# Source material

···

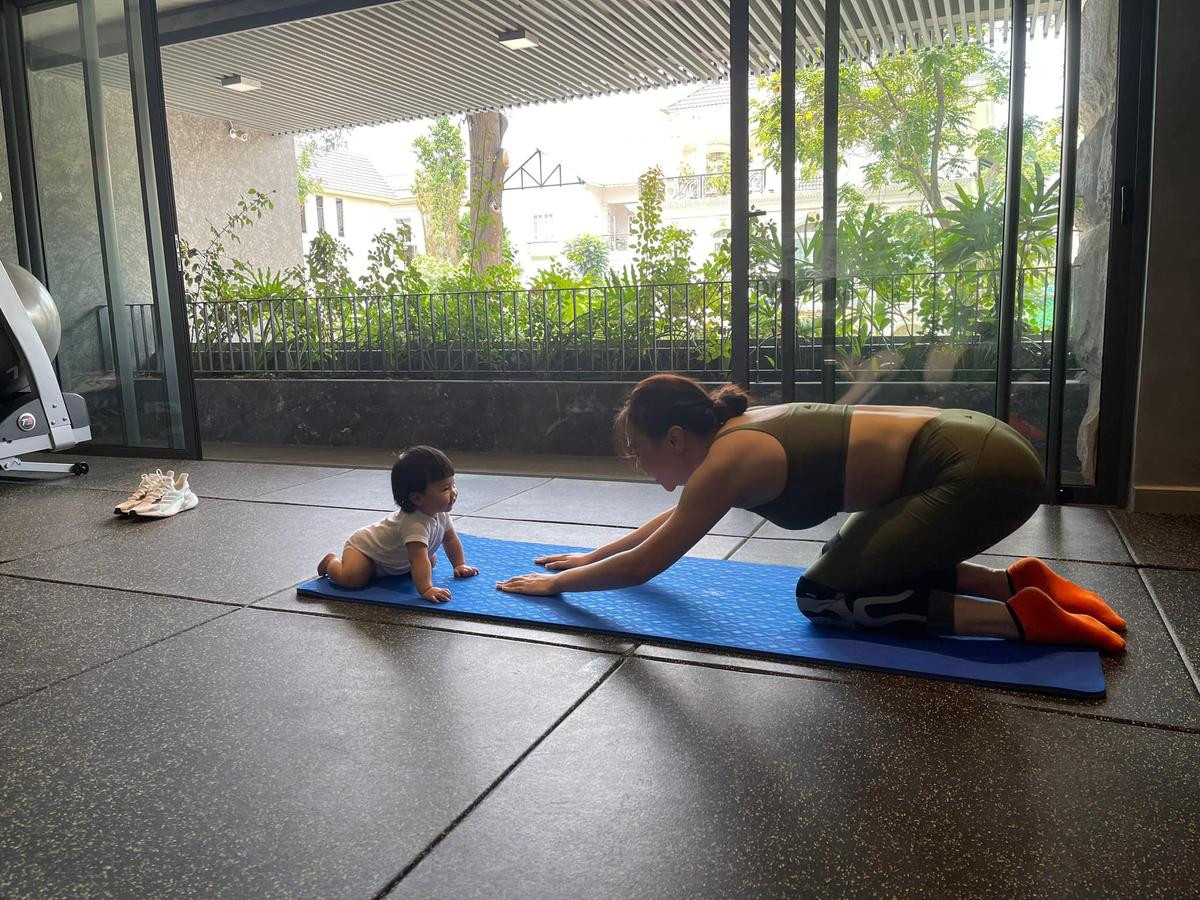 Con gái Đàm Thu Trang cùng mẹ tập Yoga, động thái của Cường Đô La gây chú ý Ảnh 2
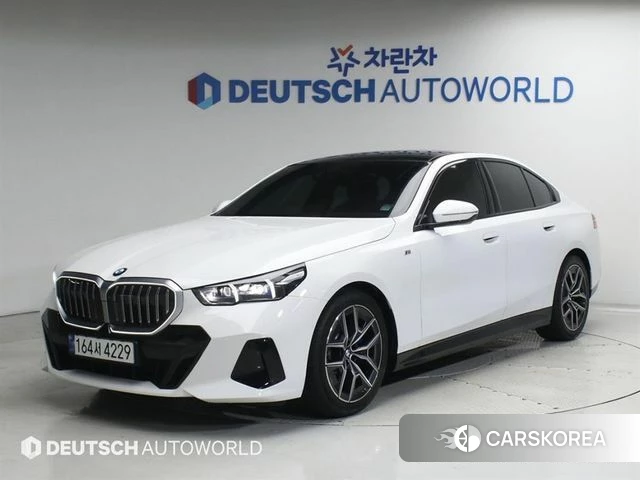 BMW 5 Series (G60) 2024 Белый из Кореи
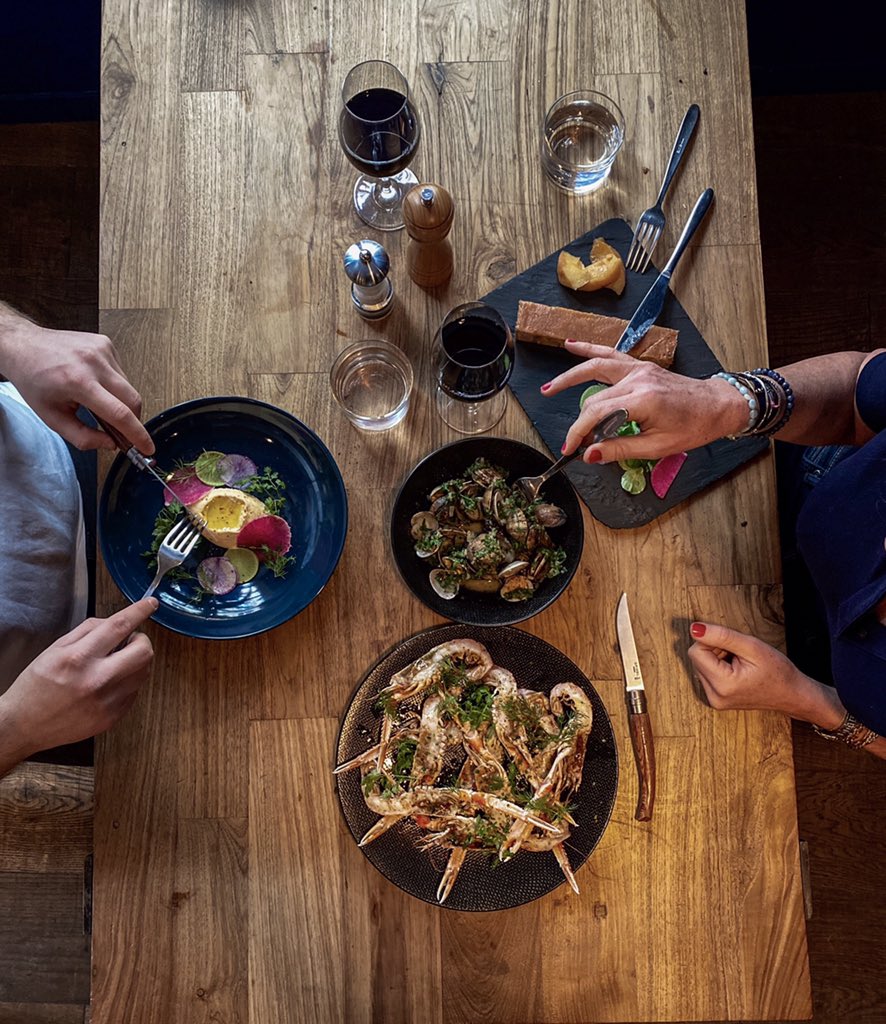 BocquetCaroline's tweet photo. Tournage et shooting avec les #artizans  #creativeagency #publicité #agence #gastronomie #digital #film #restaurant #commeunpoissondansleau #food #cuisine #communication https://t.co/yozgGA6wuP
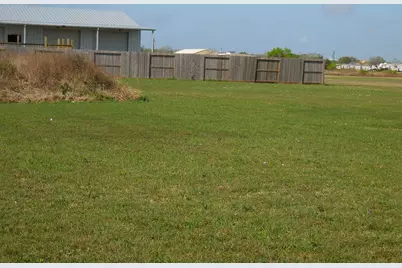 978 Cr 251 Street, Matagorda, TX 77457 - Photo 7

···

# What this task involves
The required response consists solely of the lines from the line containing "BMW 5 Series (G60) 2024 Белый из Кореи" through the end of the listing, both ends included, copied exactly without pictures.

# Answer box
 BMW 5 Series (G60) 2024 Белый из Кореи
 BocquetCaroline's tweet photo. Tournage et shooting avec les #artizans  #creativeagency #publicité #agence #gastronomie #digital #film #restaurant #commeunpoissondansleau #food #cuisine #communication https://t.co/yozgGA6wuP
 978 Cr 251 Street, Matagorda, TX 77457 - Photo 7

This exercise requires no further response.